#### Work instructions:
Would you print the records below without changing anything?

#### Provided records:
Start of Block
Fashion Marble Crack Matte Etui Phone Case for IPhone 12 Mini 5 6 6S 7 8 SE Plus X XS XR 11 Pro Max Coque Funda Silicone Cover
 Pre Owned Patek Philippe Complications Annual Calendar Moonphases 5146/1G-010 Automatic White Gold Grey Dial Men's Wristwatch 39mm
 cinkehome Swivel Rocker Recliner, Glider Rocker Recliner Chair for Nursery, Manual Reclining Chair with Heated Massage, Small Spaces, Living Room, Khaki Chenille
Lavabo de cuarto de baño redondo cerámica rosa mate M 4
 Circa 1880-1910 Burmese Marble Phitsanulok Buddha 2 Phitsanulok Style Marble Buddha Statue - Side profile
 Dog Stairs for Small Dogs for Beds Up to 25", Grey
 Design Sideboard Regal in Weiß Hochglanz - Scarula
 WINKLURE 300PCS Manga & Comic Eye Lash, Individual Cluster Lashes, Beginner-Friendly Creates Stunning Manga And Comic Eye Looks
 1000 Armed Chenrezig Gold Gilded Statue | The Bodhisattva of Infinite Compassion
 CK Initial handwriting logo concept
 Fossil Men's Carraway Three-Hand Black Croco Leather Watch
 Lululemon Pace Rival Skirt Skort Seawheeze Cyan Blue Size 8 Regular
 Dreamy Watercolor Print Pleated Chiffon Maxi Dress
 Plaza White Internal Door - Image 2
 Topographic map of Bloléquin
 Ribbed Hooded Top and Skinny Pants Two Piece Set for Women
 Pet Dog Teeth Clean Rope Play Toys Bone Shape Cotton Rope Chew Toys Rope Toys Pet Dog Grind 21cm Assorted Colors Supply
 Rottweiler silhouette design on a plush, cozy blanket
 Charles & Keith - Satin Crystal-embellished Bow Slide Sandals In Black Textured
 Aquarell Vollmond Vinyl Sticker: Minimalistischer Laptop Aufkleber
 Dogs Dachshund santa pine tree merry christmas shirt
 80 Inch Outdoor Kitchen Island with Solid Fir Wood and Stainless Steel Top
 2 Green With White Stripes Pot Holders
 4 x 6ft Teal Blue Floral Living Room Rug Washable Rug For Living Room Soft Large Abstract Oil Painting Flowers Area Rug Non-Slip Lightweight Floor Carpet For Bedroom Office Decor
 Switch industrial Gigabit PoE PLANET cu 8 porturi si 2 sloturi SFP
End of Block
#### Your solution:
Fashion Marble Crack Matte Etui Phone Case for IPhone 12 Mini 5 6 6S 7 8 SE Plus X XS XR 11 Pro Max Coque Funda Silicone Cover
 Pre Owned Patek Philippe Complications Annual Calendar Moonphases 5146/1G-010 Automatic White Gold Grey Dial Men's Wristwatch 39mm
 cinkehome Swivel Rocker Recliner, Glider Rocker Recliner Chair for Nursery, Manual Reclining Chair with Heated Massage, Small Spaces, Living Room, Khaki Chenille
Lavabo de cuarto de baño redondo cerámica rosa mate M 4
 Circa 1880-1910 Burmese Marble Phitsanulok Buddha 2 Phitsanulok Style Marble Buddha Statue - Side profile
 Dog Stairs for Small Dogs for Beds Up to 25", Grey
 Design Sideboard Regal in Weiß Hochglanz - Scarula
 WINKLURE 300PCS Manga & Comic Eye Lash, Individual Cluster Lashes, Beginner-Friendly Creates Stunning Manga And Comic Eye Looks
 1000 Armed Chenrezig Gold Gilded Statue | The Bodhisattva of Infinite Compassion
 CK Initial handwriting logo concept
 Fossil Men's Carraway Three-Hand Black Croco Leather Watch
 Lululemon Pace Rival Skirt Skort Seawheeze Cyan Blue Size 8 Regular
 Dreamy Watercolor Print Pleated Chiffon Maxi Dress
 Plaza White Internal Door - Image 2
 Topographic map of Bloléquin
 Ribbed Hooded Top and Skinny Pants Two Piece Set for Women
 Pet Dog Teeth Clean Rope Play Toys Bone Shape Cotton Rope Chew Toys Rope Toys Pet Dog Grind 21cm Assorted Colors Supply
 Rottweiler silhouette design on a plush, cozy blanket
 Charles & Keith - Satin Crystal-embellished Bow Slide Sandals In Black Textured
 Aquarell Vollmond Vinyl Sticker: Minimalistischer Laptop Aufkleber
 Dogs Dachshund santa pine tree merry christmas shirt
 80 Inch Outdoor Kitchen Island with Solid Fir Wood and Stainless Steel Top
 2 Green With White Stripes Pot Holders
 4 x 6ft Teal Blue Floral Living Room Rug Washable Rug For Living Room Soft Large Abstract Oil Painting Flowers Area Rug Non-Slip Lightweight Floor Carpet For Bedroom Office Decor
 Switch industrial Gigabit PoE PLANET cu 8 porturi si 2 sloturi SFP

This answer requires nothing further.